• [AIM OF THE EXERCISE]: Your copy should contain exactly the lines from the start of the listing through the line that holds "Le sac de voyage", and no pictures.

• [GIVEN DATA]:
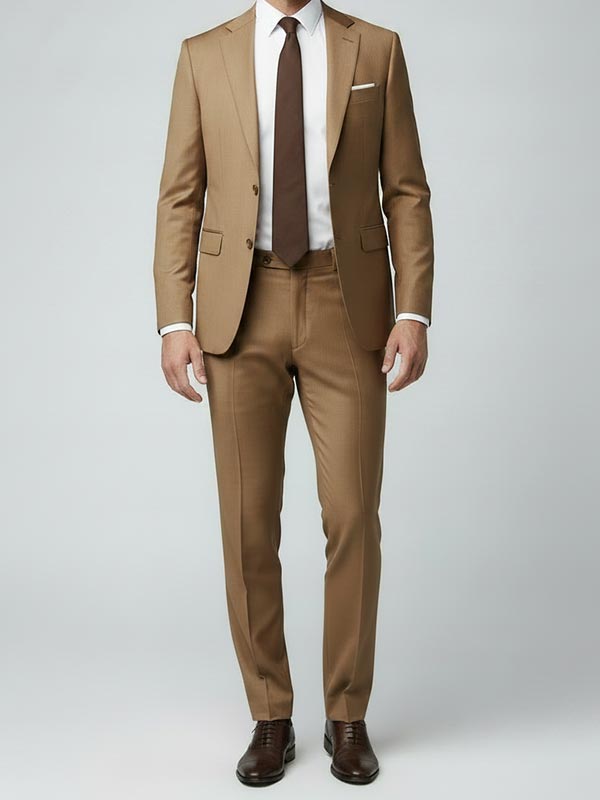 Man wearing a tan suit with a brown tie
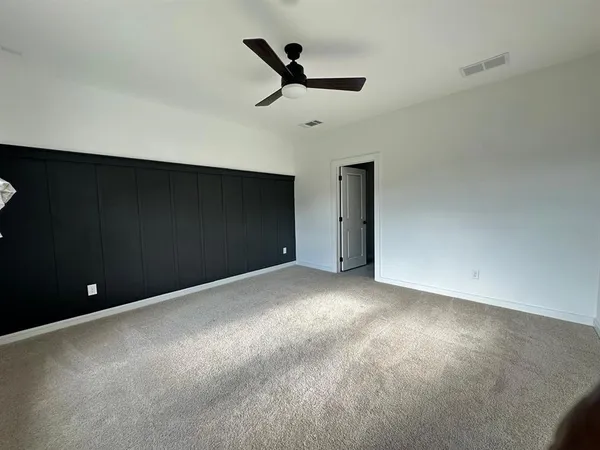 a view of a livingroom with furniture and window
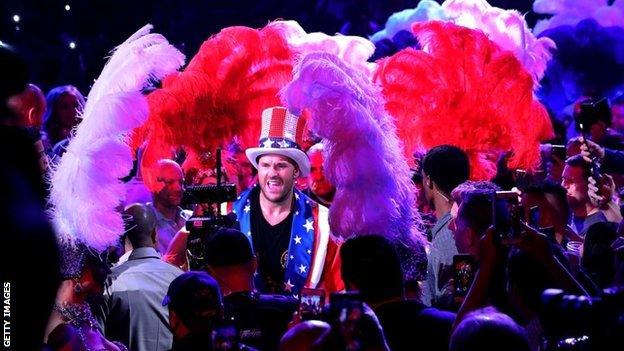 Fury walked to the ring in US colours after taking off an all-black robe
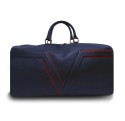 Le sac de voyage BréVent, élégant et fonctionnel, dans sa version en cuir bleu, liseré rouge.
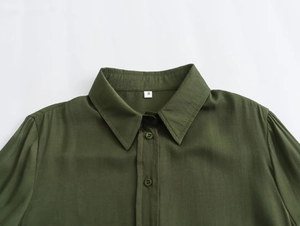 Detail of army green cotton shirt collar featuring classic lapels and size label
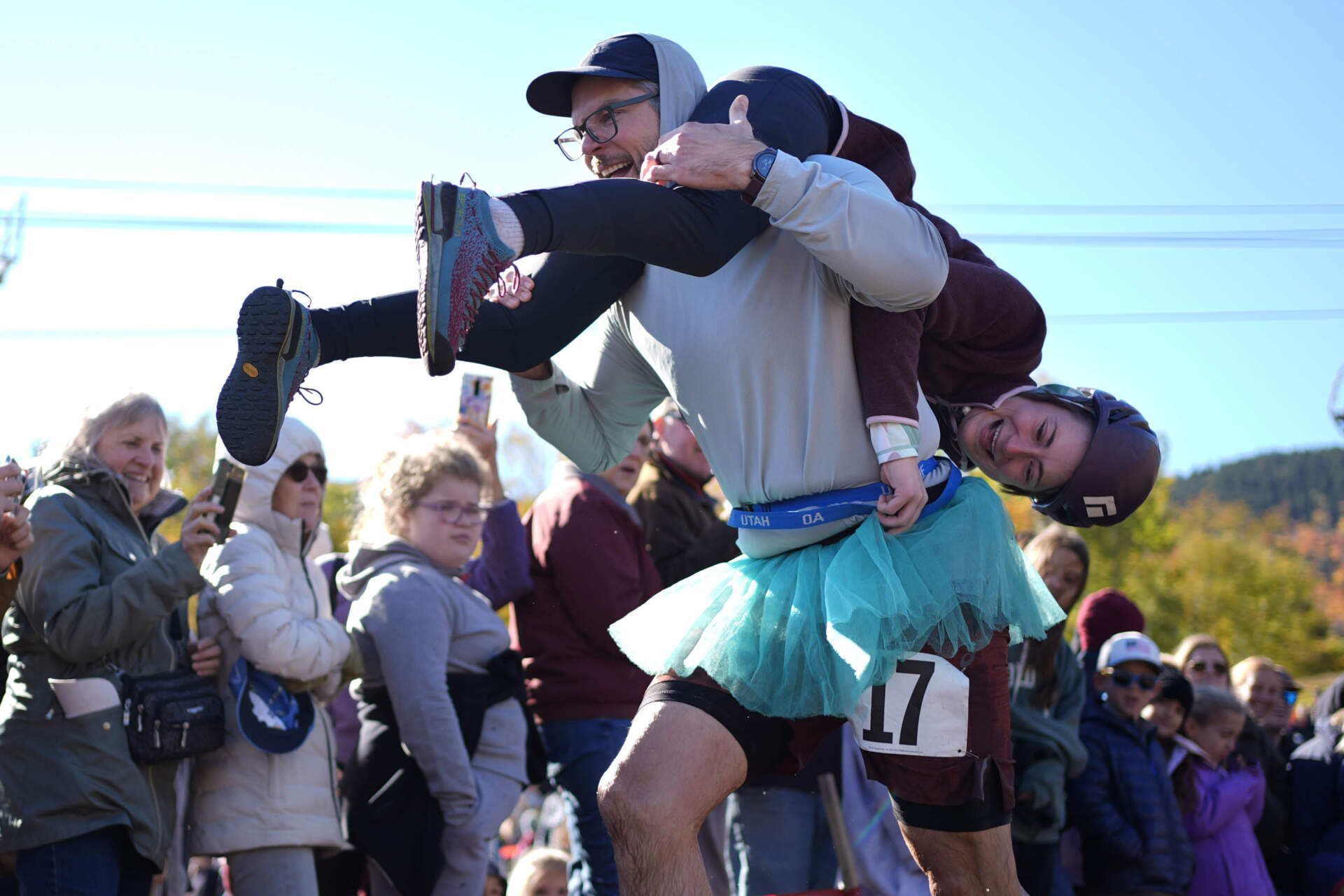 Galen Staats carries Amy Bannon during the North American Wife Carrying Championship. (Robert F. Bukaty/AP)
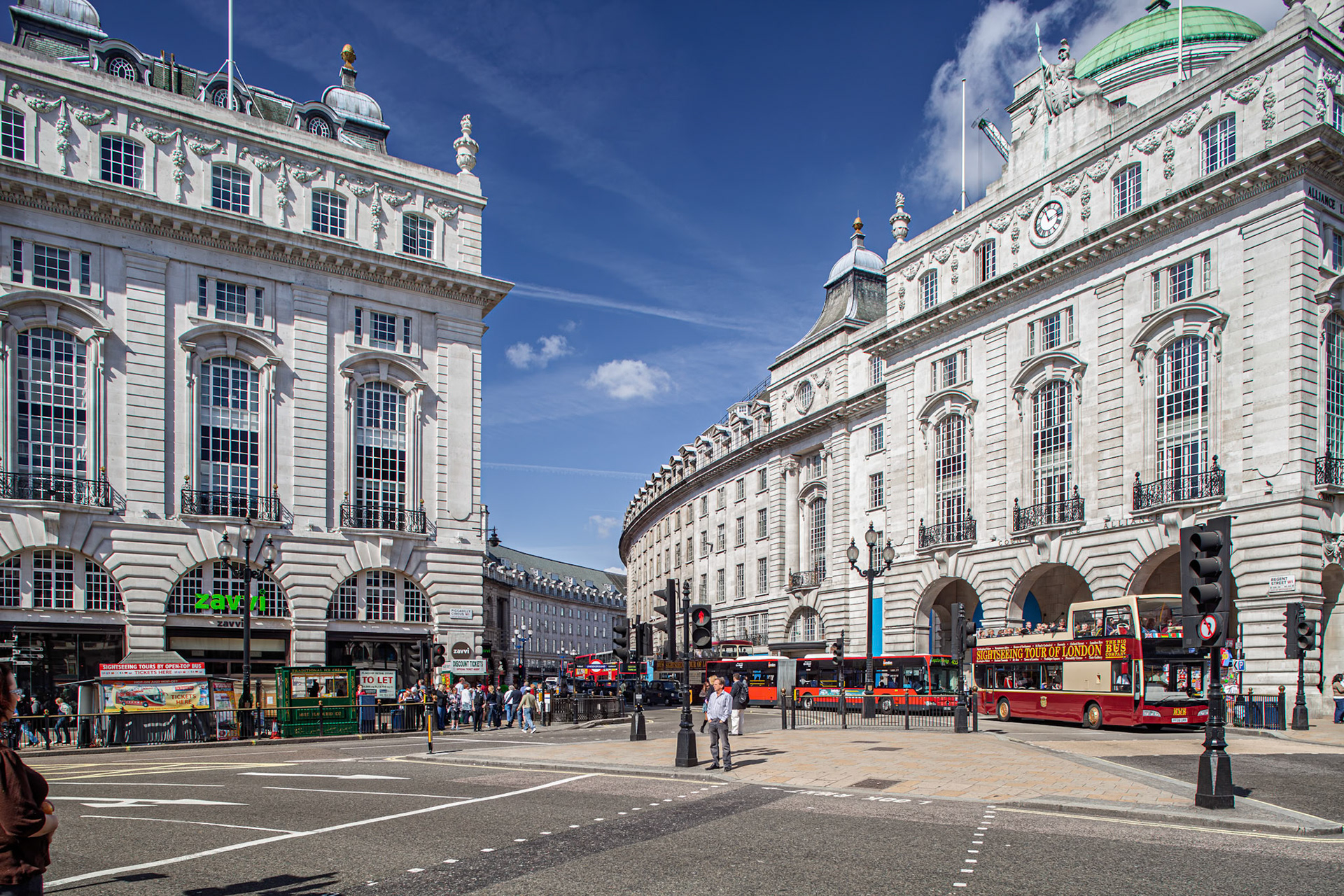 Many people gather at the busy intersection of Regent Street and Piccadilly Circus. Red buses and shops are visible in the background.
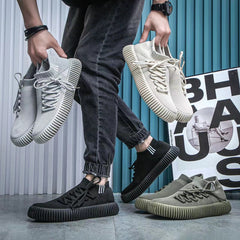 Zapatos transpirables de malla con suela Caterpillar para hombre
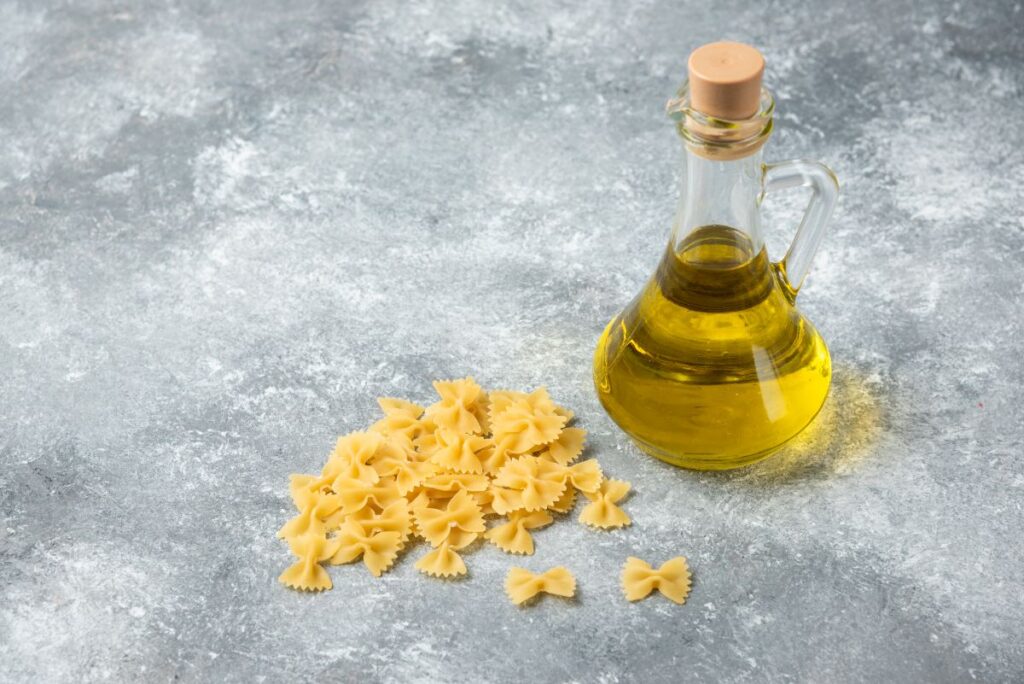 Une bouteille d'huile avec des pâtes sur la table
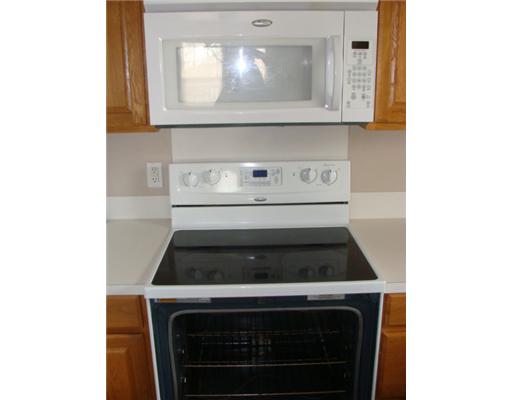 1214 Jonnell Street Corpus Christi, TX 78418 - Photo 6 of 10 a stove top oven sitting inside of a kitchen
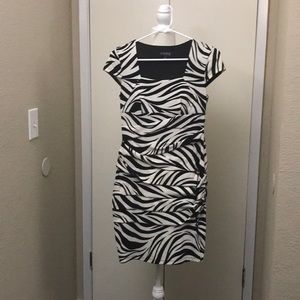 Office business form fitting b/w dress.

• [REPLY TO THE TASK]:
 Man wearing a tan suit with a brown tie
 a view of a livingroom with furniture and window
 Fury walked to the ring in US colours after taking off an all-black robe
 Le sac de voyage BréVent, élégant et fonctionnel, dans sa version en cuir bleu, liseré rouge.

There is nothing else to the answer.